MANCHESTER in April 1921, 100 years ago, was a very different place than it is now, especially for the large Irish immigrant community that lived there.
From the days of the Famine onwards droves of impoverished people had come over from the villages of rural Ireland to seek work in Manchester, the heart of England’s northern powerhouse, which was then the most heavily industrialised city in the world.
Around that time about 15 per cent of the population of the city were Irish and invariably they settled in the inner-city districts like Ancoats or Angel Meadow to live in crowded, often slum-like, conditions close to the huge mills and smoky factories that needed their labour.
It is estimated that 35 per cent of the population in Manchester today are of Irish origin, including second and third generations born there.
While in 1921 they lived mainly in the inner-city areas, now, 100 years later, those families and their descendants, as they prospered, have dispersed.
Many are to be found in the leafy suburbs of Cheshire and the outskirts of Greater Manchester and, thankfully, the terrible back-to-back slums that the German philosopher Friedrich Engels once described as ‘hell upon Earth’ - a comment made when he was visiting Angel Meadow - have now been demolished.
Most of the giant mills have gone too, whilst the remainder have been gutted and transformed into luxury apartments and these areas have been redeveloped and given new names, such as New Islington or the Northern Quarter.
Manchester today is unrecognisable from the town I once knew, let alone what it was like when both my parents lived and went to school in Ancoats in the 1900s.
To complicate things for member of the Irish community in the city in 1921, the political situation back then was tense.
Just five years after the Easter Rising and three years after the First World War ended, the War of Independence had been raging for some time.

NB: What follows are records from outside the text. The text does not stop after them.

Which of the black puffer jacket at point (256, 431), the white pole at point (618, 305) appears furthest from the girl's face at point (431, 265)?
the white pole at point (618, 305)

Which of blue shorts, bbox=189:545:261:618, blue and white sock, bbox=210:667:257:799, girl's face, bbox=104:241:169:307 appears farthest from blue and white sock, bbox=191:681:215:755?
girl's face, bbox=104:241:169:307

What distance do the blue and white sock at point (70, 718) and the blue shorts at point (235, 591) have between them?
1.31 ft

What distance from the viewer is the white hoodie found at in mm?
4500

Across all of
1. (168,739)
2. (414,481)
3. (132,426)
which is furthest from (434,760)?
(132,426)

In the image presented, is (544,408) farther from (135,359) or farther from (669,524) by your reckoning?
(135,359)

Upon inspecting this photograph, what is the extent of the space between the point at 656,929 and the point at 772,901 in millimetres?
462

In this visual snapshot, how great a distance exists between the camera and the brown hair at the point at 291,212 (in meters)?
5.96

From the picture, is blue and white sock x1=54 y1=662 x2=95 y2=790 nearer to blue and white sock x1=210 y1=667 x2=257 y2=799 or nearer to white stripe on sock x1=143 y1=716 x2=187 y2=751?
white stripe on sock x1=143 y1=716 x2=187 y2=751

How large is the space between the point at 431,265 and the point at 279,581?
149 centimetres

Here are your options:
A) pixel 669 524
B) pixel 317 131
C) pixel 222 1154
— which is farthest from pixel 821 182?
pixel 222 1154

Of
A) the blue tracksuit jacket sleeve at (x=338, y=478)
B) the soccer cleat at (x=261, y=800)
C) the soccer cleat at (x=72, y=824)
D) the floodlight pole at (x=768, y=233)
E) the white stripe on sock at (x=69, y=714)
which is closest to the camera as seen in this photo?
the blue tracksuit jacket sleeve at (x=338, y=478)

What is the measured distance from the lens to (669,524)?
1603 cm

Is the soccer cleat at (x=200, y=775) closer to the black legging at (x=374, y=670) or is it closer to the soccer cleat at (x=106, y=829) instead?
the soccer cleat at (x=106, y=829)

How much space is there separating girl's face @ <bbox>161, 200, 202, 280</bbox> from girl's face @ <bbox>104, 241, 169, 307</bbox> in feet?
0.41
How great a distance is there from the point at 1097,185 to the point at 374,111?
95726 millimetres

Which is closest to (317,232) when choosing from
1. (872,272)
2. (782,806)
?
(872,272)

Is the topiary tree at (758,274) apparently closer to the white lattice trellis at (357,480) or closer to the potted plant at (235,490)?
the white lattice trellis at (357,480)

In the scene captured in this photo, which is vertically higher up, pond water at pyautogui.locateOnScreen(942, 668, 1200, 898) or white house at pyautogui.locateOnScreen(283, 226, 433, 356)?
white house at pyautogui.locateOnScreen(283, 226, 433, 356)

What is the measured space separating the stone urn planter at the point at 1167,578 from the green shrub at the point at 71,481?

Tensions were running high in those months before Michael Collins and his colleagues came over to England to negotiate the Treaty that would end the bloody war.
Saturday, April 2, 1921 was particularly tense.
Earlier that day the IRA had brought the ongoing conflict to the English mainland.
They had set fire to a number of farms in the countryside surrounding Manchester and put incendiary bombs in some city centre buildings.
Earlier that day Manchester’s police force, under increasing pressure, made a number of dawn raids on places frequented by the city’s large Irish diaspora.
That action ended that evening with a surprise raid on the Irish Club located at 58 Erskine Street.
The police suspected it was being used as the clandestine headquarters of the Republican activists - it was in fact the headquarters of Manchester’s No. 2 IRA company.
As a team of armed police rushed up the stairs of the Irish Club in Hulme an innocent Whist drive was in progress and the place was full of families enjoying the social atmosphere of the club on a Saturday night as the card game was played across a number of tables.
Tragically, during the raid, which was led by a Detective Inspector Crowther, 21-year-old Sean Morgan, who was minding the door and selling tickets, was killed.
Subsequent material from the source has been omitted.